WORK TO COMPLETE: Reproduce, without any change, the span of lines from the opening of the records below to the line containing "Men's Sweatjacket Tricot Nassau", inclusive.

EXERCISE DATA:
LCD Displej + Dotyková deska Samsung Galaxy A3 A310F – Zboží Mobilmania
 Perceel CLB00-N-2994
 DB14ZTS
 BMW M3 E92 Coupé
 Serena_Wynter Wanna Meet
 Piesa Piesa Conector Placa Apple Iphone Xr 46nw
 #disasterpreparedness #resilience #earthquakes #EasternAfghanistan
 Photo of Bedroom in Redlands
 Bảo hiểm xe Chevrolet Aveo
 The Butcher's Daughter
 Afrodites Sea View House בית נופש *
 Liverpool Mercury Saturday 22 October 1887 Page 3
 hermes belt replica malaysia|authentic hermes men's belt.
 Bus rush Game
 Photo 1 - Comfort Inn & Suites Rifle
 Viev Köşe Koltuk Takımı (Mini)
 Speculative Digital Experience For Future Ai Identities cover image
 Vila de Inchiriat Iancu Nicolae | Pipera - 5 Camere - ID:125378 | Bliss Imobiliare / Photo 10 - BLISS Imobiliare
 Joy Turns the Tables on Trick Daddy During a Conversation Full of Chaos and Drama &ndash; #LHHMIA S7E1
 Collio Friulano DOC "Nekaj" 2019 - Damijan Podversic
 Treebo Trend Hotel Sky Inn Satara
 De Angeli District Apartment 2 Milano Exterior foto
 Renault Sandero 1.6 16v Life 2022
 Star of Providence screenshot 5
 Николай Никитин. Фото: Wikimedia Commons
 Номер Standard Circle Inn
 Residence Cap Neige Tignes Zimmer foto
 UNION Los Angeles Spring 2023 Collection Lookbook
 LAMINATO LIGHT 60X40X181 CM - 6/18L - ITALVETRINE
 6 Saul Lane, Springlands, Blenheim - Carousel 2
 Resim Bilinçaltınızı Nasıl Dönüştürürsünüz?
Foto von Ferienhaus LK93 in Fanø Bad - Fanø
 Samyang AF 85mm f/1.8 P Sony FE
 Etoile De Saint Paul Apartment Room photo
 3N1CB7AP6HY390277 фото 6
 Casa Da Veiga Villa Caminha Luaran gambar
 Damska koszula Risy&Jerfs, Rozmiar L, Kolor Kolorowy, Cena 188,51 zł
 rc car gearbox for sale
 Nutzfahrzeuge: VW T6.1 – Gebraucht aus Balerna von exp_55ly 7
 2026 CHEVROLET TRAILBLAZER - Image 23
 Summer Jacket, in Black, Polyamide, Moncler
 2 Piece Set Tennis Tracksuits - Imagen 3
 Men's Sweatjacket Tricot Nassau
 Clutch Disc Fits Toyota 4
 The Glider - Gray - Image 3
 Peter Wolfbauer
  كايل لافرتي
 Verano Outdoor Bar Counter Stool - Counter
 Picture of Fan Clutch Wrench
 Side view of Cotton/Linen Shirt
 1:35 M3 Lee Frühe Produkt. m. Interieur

WRITTEN SOLUTION:
LCD Displej + Dotyková deska Samsung Galaxy A3 A310F – Zboží Mobilmania
 Perceel CLB00-N-2994
 DB14ZTS
 BMW M3 E92 Coupé
 Serena_Wynter Wanna Meet
 Piesa Piesa Conector Placa Apple Iphone Xr 46nw
 #disasterpreparedness #resilience #earthquakes #EasternAfghanistan
 Photo of Bedroom in Redlands
 Bảo hiểm xe Chevrolet Aveo
 The Butcher's Daughter
 Afrodites Sea View House בית נופש *
 Liverpool Mercury Saturday 22 October 1887 Page 3
 hermes belt replica malaysia|authentic hermes men's belt.
 Bus rush Game
 Photo 1 - Comfort Inn & Suites Rifle
 Viev Köşe Koltuk Takımı (Mini)
 Speculative Digital Experience For Future Ai Identities cover image
 Vila de Inchiriat Iancu Nicolae | Pipera - 5 Camere - ID:125378 | Bliss Imobiliare / Photo 10 - BLISS Imobiliare
 Joy Turns the Tables on Trick Daddy During a Conversation Full of Chaos and Drama &ndash; #LHHMIA S7E1
 Collio Friulano DOC "Nekaj" 2019 - Damijan Podversic
 Treebo Trend Hotel Sky Inn Satara
 De Angeli District Apartment 2 Milano Exterior foto
 Renault Sandero 1.6 16v Life 2022
 Star of Providence screenshot 5
 Николай Никитин. Фото: Wikimedia Commons
 Номер Standard Circle Inn
 Residence Cap Neige Tignes Zimmer foto
 UNION Los Angeles Spring 2023 Collection Lookbook
 LAMINATO LIGHT 60X40X181 CM - 6/18L - ITALVETRINE
 6 Saul Lane, Springlands, Blenheim - Carousel 2
 Resim Bilinçaltınızı Nasıl Dönüştürürsünüz?
Foto von Ferienhaus LK93 in Fanø Bad - Fanø
 Samyang AF 85mm f/1.8 P Sony FE
 Etoile De Saint Paul Apartment Room photo
 3N1CB7AP6HY390277 фото 6
 Casa Da Veiga Villa Caminha Luaran gambar
 Damska koszula Risy&Jerfs, Rozmiar L, Kolor Kolorowy, Cena 188,51 zł
 rc car gearbox for sale
 Nutzfahrzeuge: VW T6.1 – Gebraucht aus Balerna von exp_55ly 7
 2026 CHEVROLET TRAILBLAZER - Image 23
 Summer Jacket, in Black, Polyamide, Moncler
 2 Piece Set Tennis Tracksuits - Imagen 3
 Men's Sweatjacket Tricot Nassau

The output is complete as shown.